What is expected:
For the data that follows, print the line with "That's where the", the line with "We are seven", and all lines between them, exactly as they stand. Omit pictures and add nothing.

───── Entries shown ─────

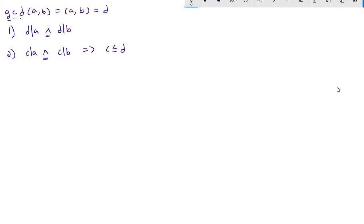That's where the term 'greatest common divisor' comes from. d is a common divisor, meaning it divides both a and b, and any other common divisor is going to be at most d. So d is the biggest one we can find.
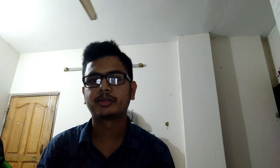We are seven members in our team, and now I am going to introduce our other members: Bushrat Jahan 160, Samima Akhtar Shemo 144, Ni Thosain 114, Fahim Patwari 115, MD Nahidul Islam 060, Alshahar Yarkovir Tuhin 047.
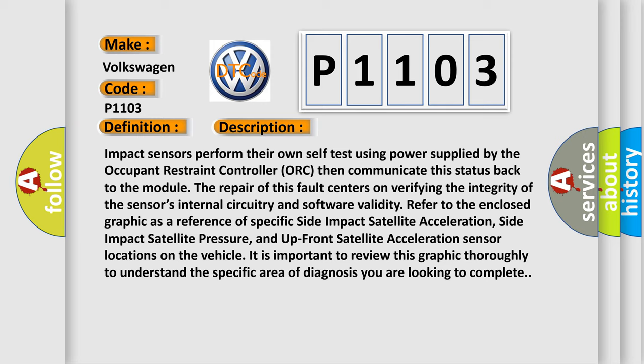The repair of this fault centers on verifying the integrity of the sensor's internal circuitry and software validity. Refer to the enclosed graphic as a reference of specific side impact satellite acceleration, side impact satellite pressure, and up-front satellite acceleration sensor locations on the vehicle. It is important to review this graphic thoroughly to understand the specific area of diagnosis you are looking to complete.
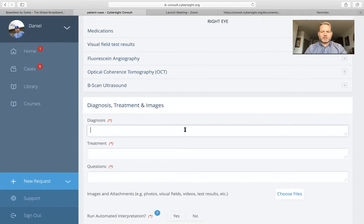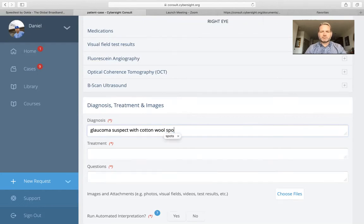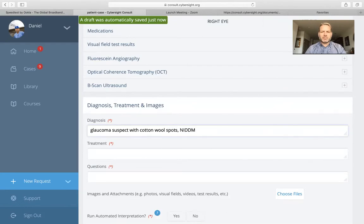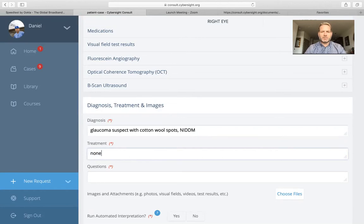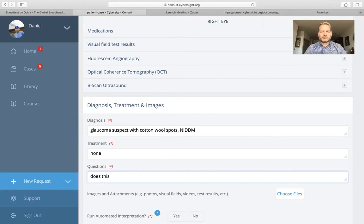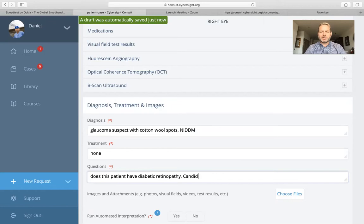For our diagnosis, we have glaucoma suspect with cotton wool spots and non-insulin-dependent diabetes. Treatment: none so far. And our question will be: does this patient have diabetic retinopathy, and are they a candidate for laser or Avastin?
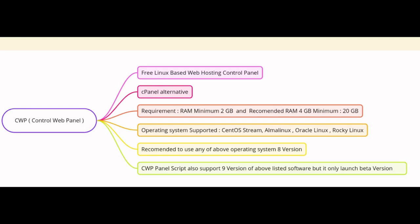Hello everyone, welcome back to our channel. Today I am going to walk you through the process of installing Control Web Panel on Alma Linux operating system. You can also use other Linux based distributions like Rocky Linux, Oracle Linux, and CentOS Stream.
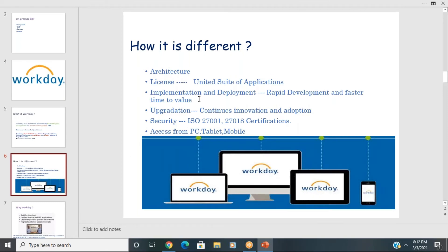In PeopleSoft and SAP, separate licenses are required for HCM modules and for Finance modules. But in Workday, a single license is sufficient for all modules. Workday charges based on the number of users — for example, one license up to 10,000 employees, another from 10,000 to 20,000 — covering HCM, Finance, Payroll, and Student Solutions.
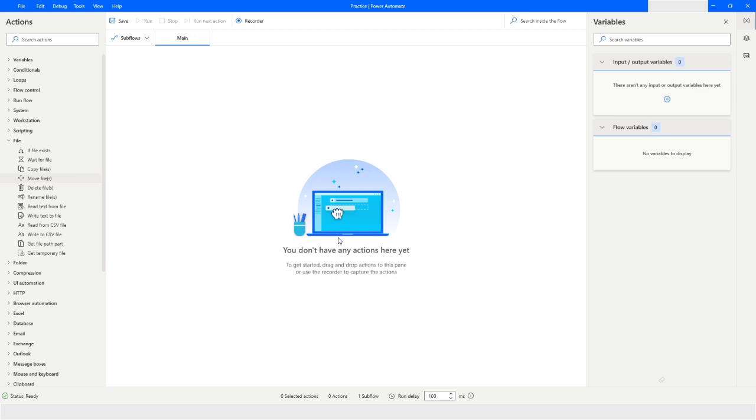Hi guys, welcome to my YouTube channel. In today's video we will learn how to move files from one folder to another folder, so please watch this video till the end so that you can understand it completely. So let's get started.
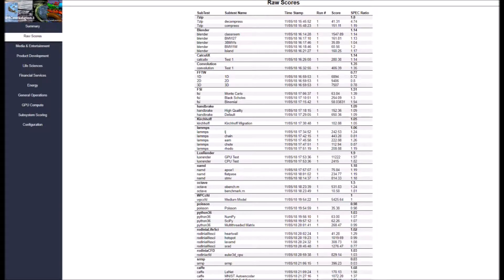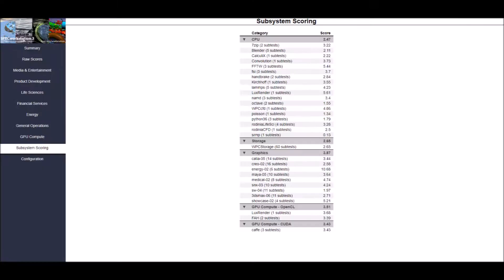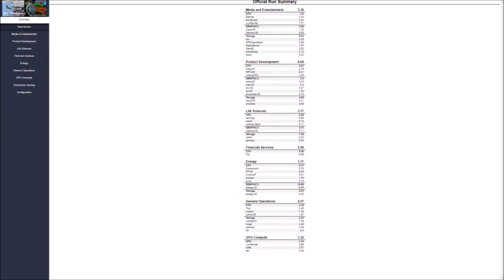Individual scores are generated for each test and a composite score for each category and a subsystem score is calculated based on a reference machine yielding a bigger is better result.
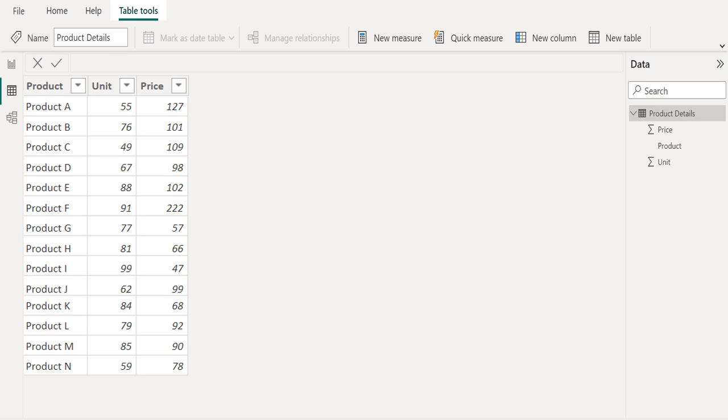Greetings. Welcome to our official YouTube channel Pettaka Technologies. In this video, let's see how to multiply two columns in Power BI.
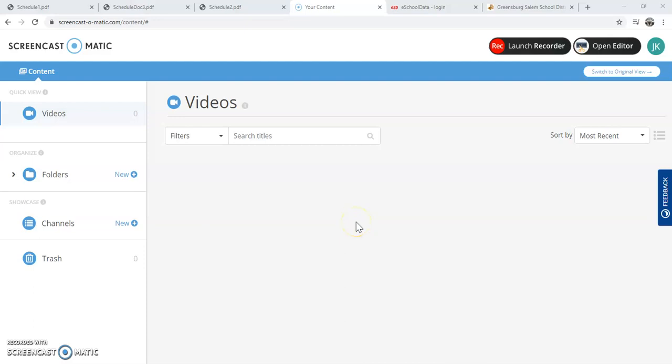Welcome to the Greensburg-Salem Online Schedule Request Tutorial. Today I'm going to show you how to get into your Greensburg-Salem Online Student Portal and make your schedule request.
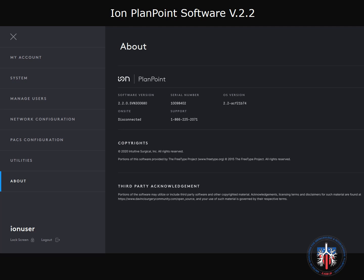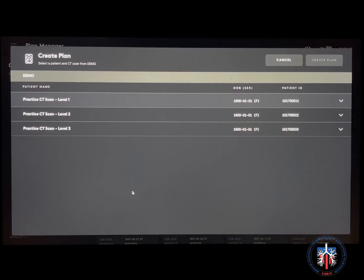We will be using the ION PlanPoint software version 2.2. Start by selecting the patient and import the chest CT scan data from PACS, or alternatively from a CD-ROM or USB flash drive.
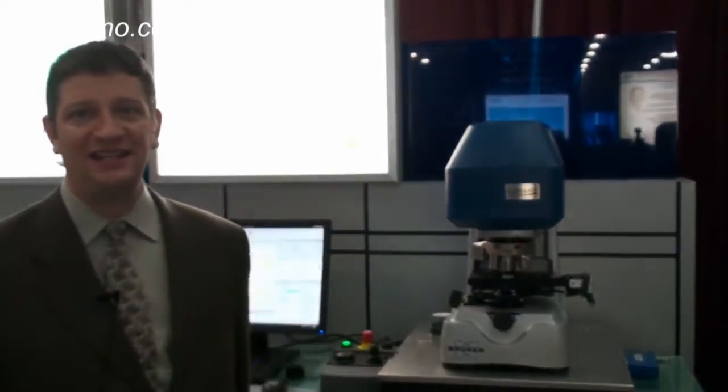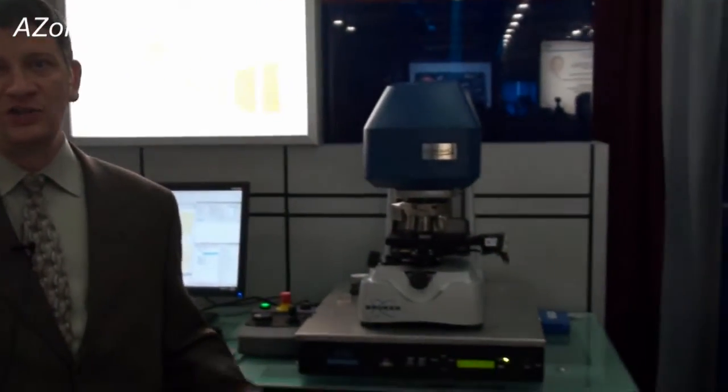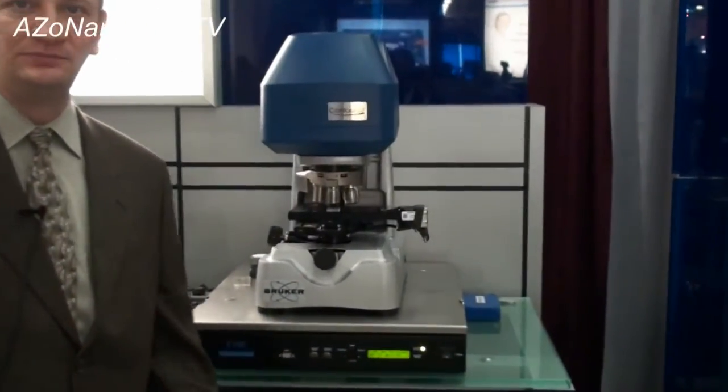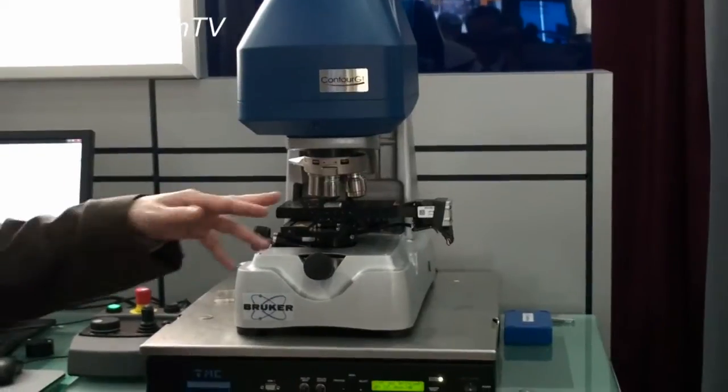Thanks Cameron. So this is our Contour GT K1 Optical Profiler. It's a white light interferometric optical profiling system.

─────
───── Entries shown ─────

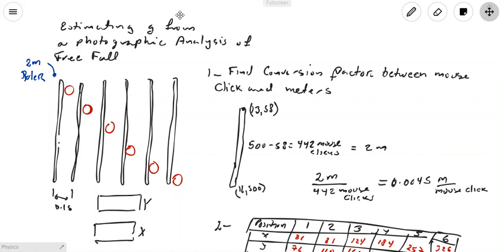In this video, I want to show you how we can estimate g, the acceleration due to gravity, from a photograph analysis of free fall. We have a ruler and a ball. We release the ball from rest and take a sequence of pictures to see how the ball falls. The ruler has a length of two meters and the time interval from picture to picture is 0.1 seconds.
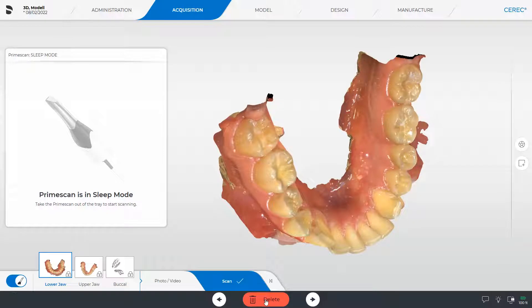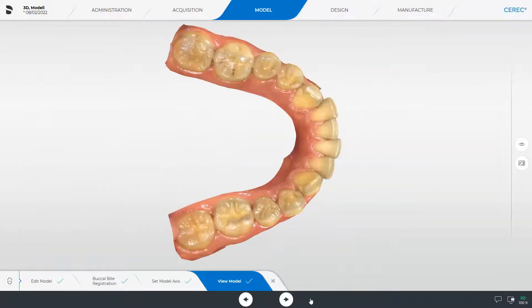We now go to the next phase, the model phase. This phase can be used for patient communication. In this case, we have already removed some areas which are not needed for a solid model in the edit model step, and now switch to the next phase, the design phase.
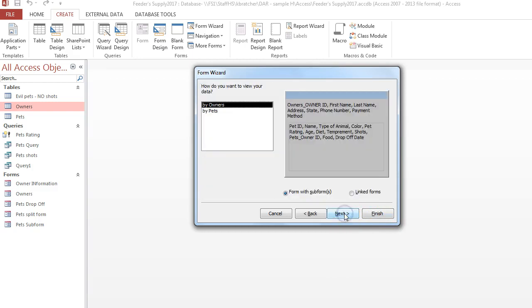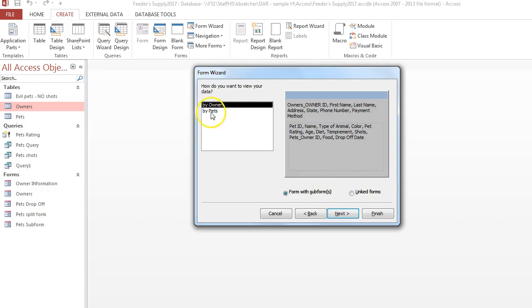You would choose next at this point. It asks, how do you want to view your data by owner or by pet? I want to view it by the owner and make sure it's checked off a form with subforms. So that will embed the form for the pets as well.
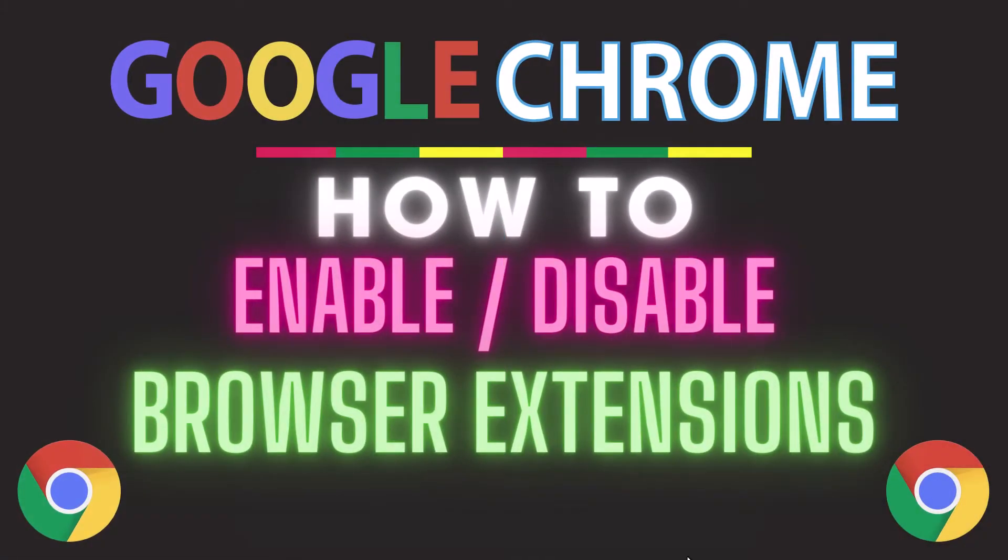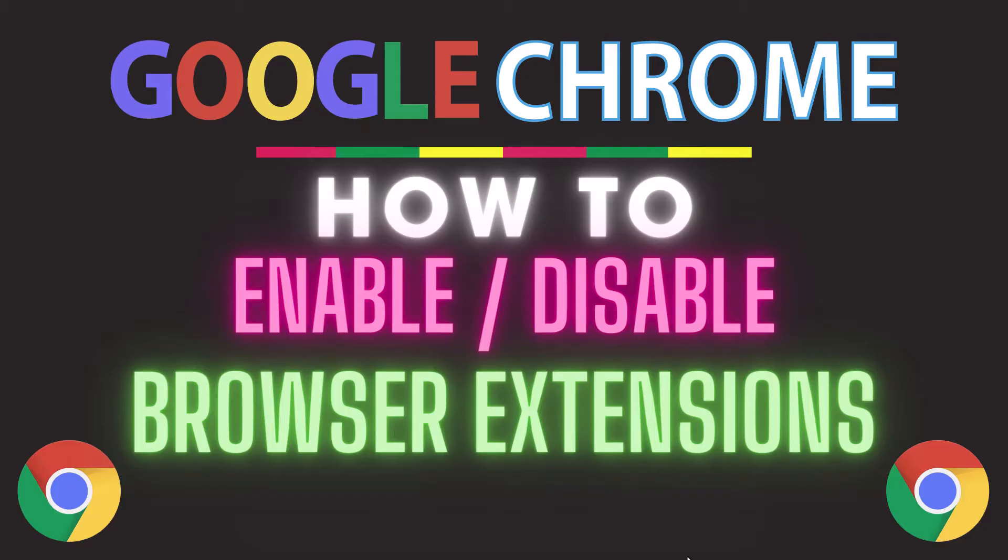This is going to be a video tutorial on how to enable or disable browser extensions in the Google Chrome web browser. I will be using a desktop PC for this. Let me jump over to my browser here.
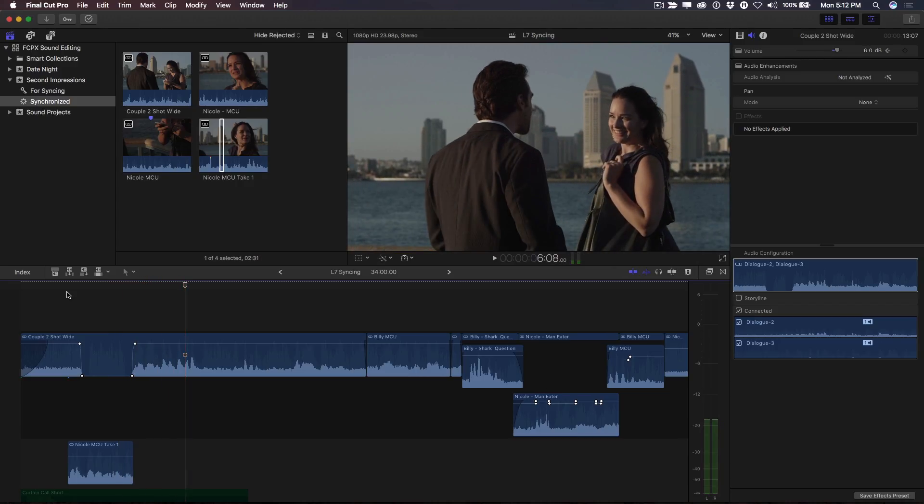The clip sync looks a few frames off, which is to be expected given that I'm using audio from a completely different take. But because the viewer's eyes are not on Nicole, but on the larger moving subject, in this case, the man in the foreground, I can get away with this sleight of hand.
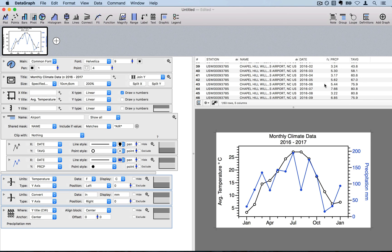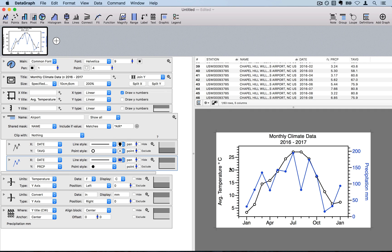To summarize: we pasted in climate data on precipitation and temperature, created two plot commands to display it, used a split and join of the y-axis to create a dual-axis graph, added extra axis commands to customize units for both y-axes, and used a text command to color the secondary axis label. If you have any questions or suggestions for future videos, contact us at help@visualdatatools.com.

─────

Expected output:
That's where the term 'greatest common divisor' comes from. d is a common divisor, meaning it divides both a and b, and any other common divisor is going to be at most d. So d is the biggest one we can find.
We are seven members in our team, and now I am going to introduce our other members: Bushrat Jahan 160, Samima Akhtar Shemo 144, Ni Thosain 114, Fahim Patwari 115, MD Nahidul Islam 060, Alshahar Yarkovir Tuhin 047.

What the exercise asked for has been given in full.